Aussie hip-hop group the Resin Dogs.

Aussie hip-hop group the Resin Dogs.

Andrew Garvie, aka DJ Katch of the Resin Dogs, is proud to be an Aussie hip-hop artist. Just don't ask him to rap about barbecues.

``What is Aussie hip hop?'' spits Andrew Garvie, aka the Resin Dogs' DJ Katch.

``I mean, aren't we a multicultural society? We might be all about throwing shrimp on the barbie but there's a lot more to it than just drinking beers and cussing out people.

``To me, that's more like yobbo rap.''

It's a passionate response from the Australian hip-hop veteran to the criticism he and his band have heard many times over their nine years  that they're not ``Aussie'' enough for Aussie hip-hop.

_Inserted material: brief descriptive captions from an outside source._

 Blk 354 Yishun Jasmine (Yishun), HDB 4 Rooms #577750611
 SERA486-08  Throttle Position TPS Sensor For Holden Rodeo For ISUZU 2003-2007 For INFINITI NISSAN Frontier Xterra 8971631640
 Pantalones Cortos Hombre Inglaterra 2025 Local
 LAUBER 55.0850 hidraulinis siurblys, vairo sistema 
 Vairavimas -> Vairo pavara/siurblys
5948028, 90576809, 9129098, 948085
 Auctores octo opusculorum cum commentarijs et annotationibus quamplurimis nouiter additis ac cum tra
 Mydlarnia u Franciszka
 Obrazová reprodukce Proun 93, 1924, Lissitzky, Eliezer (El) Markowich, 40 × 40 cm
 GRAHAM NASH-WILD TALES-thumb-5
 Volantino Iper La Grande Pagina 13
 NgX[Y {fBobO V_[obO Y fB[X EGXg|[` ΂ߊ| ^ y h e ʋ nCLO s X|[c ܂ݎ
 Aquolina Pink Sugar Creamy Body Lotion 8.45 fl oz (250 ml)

Since the hijacking of the previously solely American genre in recent years by pioneering Aussie bands like the Hilltop Hoods and The Herd, a strange parochialism seems to have crept into local hip-hop.

Now it's seemingly become ``unAustralian'' to rap in anything other than a broad ocker accent, something the Dogs tend to steer away from.

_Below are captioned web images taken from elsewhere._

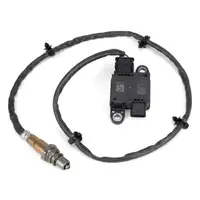 ORIGINAL OPEL MOPAR Partikelsensor NOx-Sensor Astra K 1.6 CDTI ab BJ 09/15 55510098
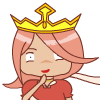 QQ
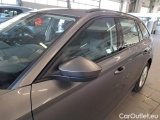  Skoda  Octavia SKODA  WAGON / 2020 / 5P / STATION WAGON 2.0 TDI EVO 110KW EXECUTIVE DSG #57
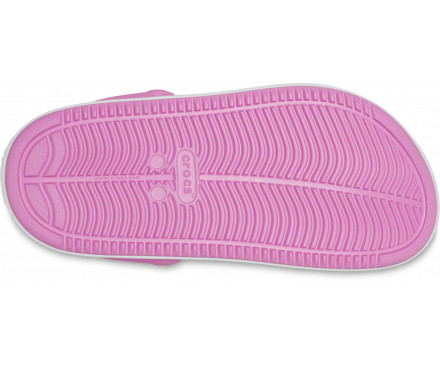 Kids' Off Court Clog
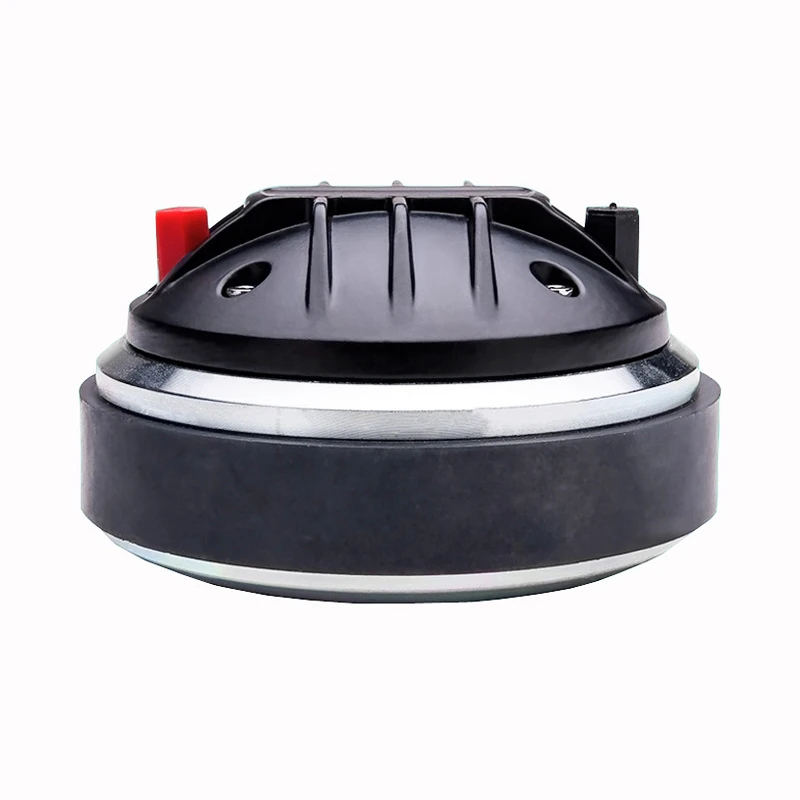 Finlemho H250 DJ Speaker 44mm Voice Coil For DIY Stage Sound Line Array System Home Theater Studio Audio Professional Audio Finlemho H250 DJ Speaker 44mm Voice Coil For DIY Stage Sound Line Array System Home Theater Studio Audio Professional Audio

Garvie says the band sees their latest album, More, as a ``global record''.

``You've got to fit in a certain curriculum in Aussie hip-hop, and a lot of people that come from outside the Australian market tend to say that as well,'' he says.

``More isn't `Aussie hip-hop' in a way, but we are Australian artists and we're making a global record, in terms of the producers we used and the people that we work with.

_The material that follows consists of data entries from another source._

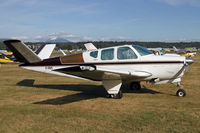 C-FNTI photo, click to enlarge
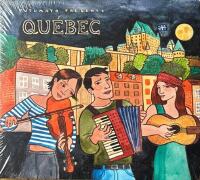 Qu&eacute;bec
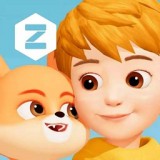 ZeppTennis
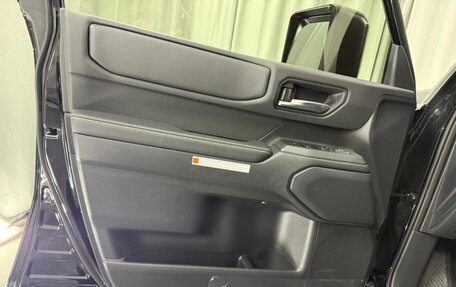 Toyota Land Cruiser Prado, 2025 год, 7 990 000 рублей, 6 фотография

``People say `Oh you don't have any Aussie artists on there' but ... when we were recording this album we invited like, seven or eight different Aussie hip-hop artists to come up and record and we handed out beats all across the country. At the end of the day they must have been smoking bongs and sitting on the couch or something, because nobody came back with the goods.

``We're producers, at the end of the day, and we're trying to find the best people for the job.''

The best people included UK producer Brad Baloo of The Nextmen, Los Angeles rappers Abstract Rude and Aceyalone and UK hip-hop artists Mystro and Yungun.

The result is a groove-filled album that mixes hip-hop with a whole alphabet of funk, from Parliament style P funk to 1990s Snoop Dogg style G funk.

``The last couple of records were more about us going off and playing festivals and being that live band that everyone came to see,'' Garvie says.

``This one is a lot more down tempo, more songs, more structure, more lyrics, I guess hence the title More.''

With the airwaves saturated with mass marketed, commercial, ``ring tone'' hip-hop, the Dogs' instrument-based, organic sounds are a breath of funky fresh air. But is Garvie bothered by the current state of the genre?

``No, because then we come along and do our thing and people get blown away by it,'' he laughs.

``When people move onto the next thing, I'll still be keeping on. It's all about reinvention. Who knows, we may come back and do a whole Aussie hip-hop barbecue album.''

Resin Dogs with Dexter (of The Avalanches) - Live on Light Square (formerly Night Train), Saturday, May 24. Bookings: Venuetix.